When blood flows through the microfluidic device, cancer cells in the blood (shown in yellow) stick to microscopic posts lining the chip (shown in blue).
Test for Cancer Cells in Blood
An inexpensive microfluidic chip could lead to earlier cancer detection and treatment.
Source: “Isolation of rare cultivating tumour cells in cancer patients by microchip technology”
Mehmet Toner et al.
Nature 450: 1235-1239
Results: A microfluidic device designed by researchers at Massachusetts General Hospital in Boston can detect very low blood levels of cells from malignant tumors. In initial tests, the low-cost device detected such cells in the blood of all but one of 116 patients with various types of cancer.
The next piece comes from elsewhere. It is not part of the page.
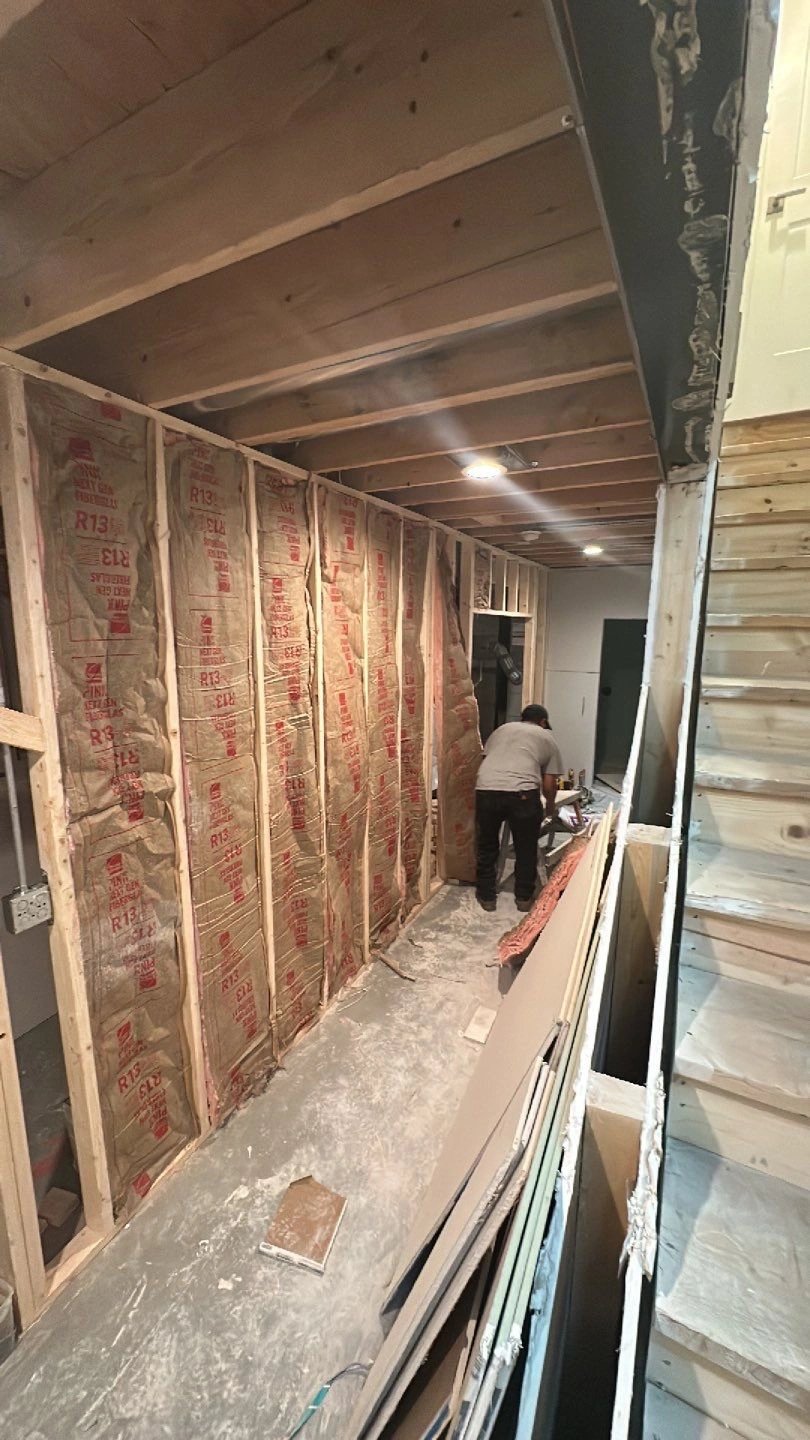 Construction worker insulating a wall in a home renovation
Why it matters: A malignant tumor continually sheds cells into the bloodstream, spreading cancer to other tissues. Changes in the number of circulating cancer cells indicate changes in the size of the tumor during treatment. A cheap way to detect and monitor those cancer cells could allow doctors to regularly assess the effectiveness of treatment, as they do by measuring levels of viral RNA in HIV patients. Researchers can also examine cells captured on the microfluidic chip for molecular markers that suggest a more aggressive form of cancer or a type of tumor that will respond to specific drugs.
Methods: The device consists of a business-card-size silicon chip dotted with 80,000 microscopic posts. Each post is coated with a molecule that binds to a specific protein found on most cells originating from solid tumors, such as those found in breast, lung, and prostate cancer. As blood flows through small channels in the chip, tumor cells stick to the posts.
Next steps: Larger clinical trials involving patients with lung and prostate cancer will help determine how best to use the chip.